Reading the Cues: Three Steps for Better Customer Engagement

Posted on by Beth Negus Viveiros

thumbs customer engagementDo you have the right data strategy in place to create customer engagement and  trust? Here’s three crucial things to remember:

1. Read the cues.
Marketers today have more data than ever before. But, if they don’t transform it into something meaningful, they run the risk of taking action on signals that don’t necessarily matter

“There’s a difference between a quick trigger and a decision—taking action on a single event can provide a negative outcome,” James McDermott, CEO of Lytics told Chief Marketer in a recent special report. “For example, you might see a customer action and want to provide an offer. But, if you understand the context over time, you might know they won’t be likely to respond and can save ad spend by explicitly not targeting them.”

2. Timing is everything.
Don’t just positive customer experiences to the marketing mix—remove the negative ones too.

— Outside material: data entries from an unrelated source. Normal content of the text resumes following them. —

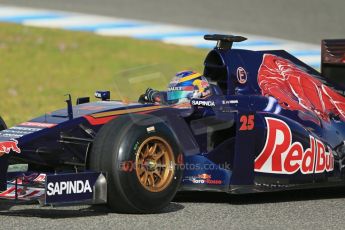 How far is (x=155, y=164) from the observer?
21.8 feet

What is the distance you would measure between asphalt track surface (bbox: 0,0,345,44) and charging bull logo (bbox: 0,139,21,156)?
11301 mm

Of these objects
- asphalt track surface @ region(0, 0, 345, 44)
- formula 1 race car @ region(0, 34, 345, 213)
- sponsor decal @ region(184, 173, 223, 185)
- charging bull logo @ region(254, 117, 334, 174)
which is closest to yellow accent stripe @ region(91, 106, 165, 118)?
formula 1 race car @ region(0, 34, 345, 213)

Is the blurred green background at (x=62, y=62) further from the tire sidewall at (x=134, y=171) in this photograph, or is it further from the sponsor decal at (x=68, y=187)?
the sponsor decal at (x=68, y=187)

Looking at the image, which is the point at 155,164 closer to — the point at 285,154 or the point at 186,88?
the point at 186,88

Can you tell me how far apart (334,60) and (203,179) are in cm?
229

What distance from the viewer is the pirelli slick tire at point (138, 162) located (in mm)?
6418

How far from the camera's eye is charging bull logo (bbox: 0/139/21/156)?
6480 millimetres

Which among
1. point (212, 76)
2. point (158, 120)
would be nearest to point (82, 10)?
point (212, 76)

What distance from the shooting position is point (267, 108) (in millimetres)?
7543

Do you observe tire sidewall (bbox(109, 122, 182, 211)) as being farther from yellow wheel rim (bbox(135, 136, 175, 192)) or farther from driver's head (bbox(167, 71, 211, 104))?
driver's head (bbox(167, 71, 211, 104))

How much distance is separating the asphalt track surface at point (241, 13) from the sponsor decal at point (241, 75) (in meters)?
9.70

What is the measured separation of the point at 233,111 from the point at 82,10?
11633mm

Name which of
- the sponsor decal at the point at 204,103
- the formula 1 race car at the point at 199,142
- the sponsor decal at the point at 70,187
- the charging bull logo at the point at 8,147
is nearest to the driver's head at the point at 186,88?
the formula 1 race car at the point at 199,142

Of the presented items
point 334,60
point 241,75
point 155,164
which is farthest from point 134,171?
point 334,60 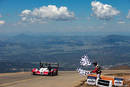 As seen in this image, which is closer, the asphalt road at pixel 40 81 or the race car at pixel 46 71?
the asphalt road at pixel 40 81

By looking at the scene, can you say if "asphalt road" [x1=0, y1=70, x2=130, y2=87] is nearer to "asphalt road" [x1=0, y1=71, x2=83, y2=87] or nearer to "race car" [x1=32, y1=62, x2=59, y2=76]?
"asphalt road" [x1=0, y1=71, x2=83, y2=87]

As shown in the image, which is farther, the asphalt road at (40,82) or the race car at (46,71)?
the race car at (46,71)

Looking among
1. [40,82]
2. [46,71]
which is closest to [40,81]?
[40,82]

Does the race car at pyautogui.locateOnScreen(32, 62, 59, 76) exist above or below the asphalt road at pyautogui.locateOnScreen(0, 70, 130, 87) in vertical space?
above

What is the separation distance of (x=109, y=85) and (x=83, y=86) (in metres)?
2.92

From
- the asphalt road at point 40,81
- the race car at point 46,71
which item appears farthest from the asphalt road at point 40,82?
the race car at point 46,71

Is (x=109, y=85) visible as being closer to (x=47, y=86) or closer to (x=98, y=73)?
(x=98, y=73)

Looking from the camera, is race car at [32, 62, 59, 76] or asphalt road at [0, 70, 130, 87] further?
race car at [32, 62, 59, 76]

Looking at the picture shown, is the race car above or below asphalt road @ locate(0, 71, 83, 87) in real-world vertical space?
above

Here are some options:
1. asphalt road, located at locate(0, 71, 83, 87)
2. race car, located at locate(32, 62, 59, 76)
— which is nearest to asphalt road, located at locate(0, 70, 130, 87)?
asphalt road, located at locate(0, 71, 83, 87)

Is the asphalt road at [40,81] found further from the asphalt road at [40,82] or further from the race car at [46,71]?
the race car at [46,71]

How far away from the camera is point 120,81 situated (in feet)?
71.7

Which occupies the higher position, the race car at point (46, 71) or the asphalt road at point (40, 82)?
the race car at point (46, 71)

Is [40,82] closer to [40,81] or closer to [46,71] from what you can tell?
[40,81] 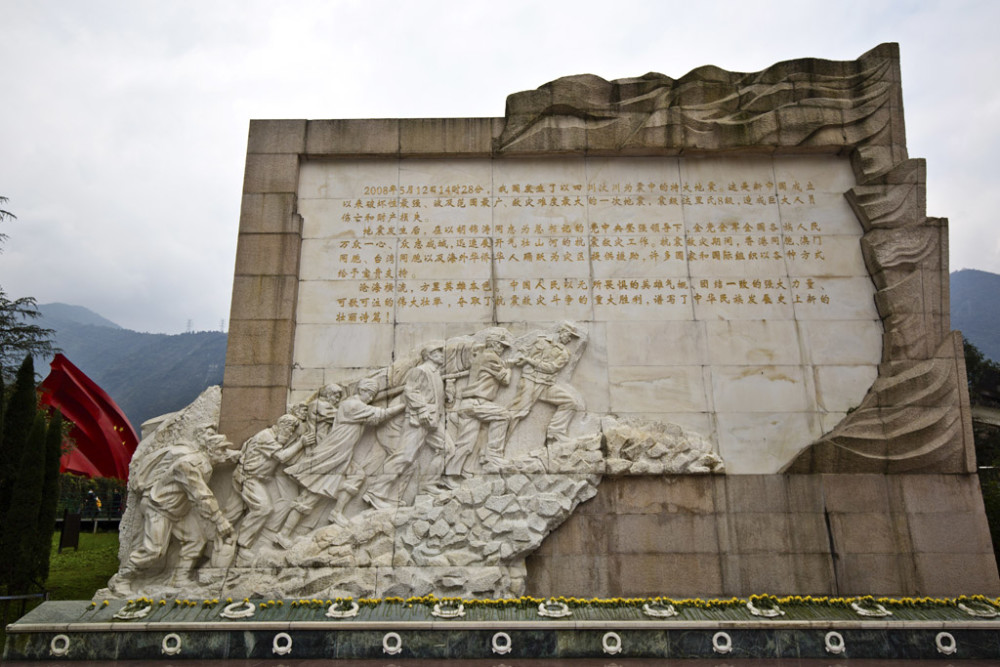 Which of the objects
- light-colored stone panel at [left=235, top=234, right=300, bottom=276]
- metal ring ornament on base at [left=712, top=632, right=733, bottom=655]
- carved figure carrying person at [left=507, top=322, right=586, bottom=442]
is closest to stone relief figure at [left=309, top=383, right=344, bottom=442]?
light-colored stone panel at [left=235, top=234, right=300, bottom=276]

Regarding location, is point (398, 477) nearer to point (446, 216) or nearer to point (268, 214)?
point (446, 216)

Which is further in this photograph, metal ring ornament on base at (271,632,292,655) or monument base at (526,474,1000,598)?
monument base at (526,474,1000,598)

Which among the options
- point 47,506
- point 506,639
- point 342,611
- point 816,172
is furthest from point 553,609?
point 47,506

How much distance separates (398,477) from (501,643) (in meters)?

The data backs this idea up. Within the next two years, 81 percent of respondents to Gartner’s 2017 Customer Experience in Marketing Survey said they expect to be competing mostly or completely on the basis of customer experience. In a survey from the Mobile Ecosystem Forum, over 50 percent of respondents cited bad user experiences as the number one reason they lose trust in an app or service. And, in Forrester’s 2018 US Consumer Experience Index, “elite” brands came through with an average of 22 emotionally positive experiences for each negative one, while the lowest-performing five percent of brands offered only two emotionally positive experiences for each negative interaction.

“Nothing destroys trust more than a bad experience, or a mistimed communication,” says McDermott.

3. Create cross department—and crosschannel—alignment.
Customer trust and a positive customer experience isn’t just about marketing, it’s about customer support, products, services and everything in between. For example, if a customer has an open support ticket, it isn’t the best time to send them a coupon or offer.

A new marketing organization is emerging around the needs of the customer and it looks pretty different from the one that existed even two years ago, McDermott says.

“You need a central strategy around the entire lifecycle,” he notes. “Have they purchased? Are they opening emails? Are they coming to the website? There is a lot of engagement and signals to understand in a relationship with a brand, and that requires cross functional collaboration.”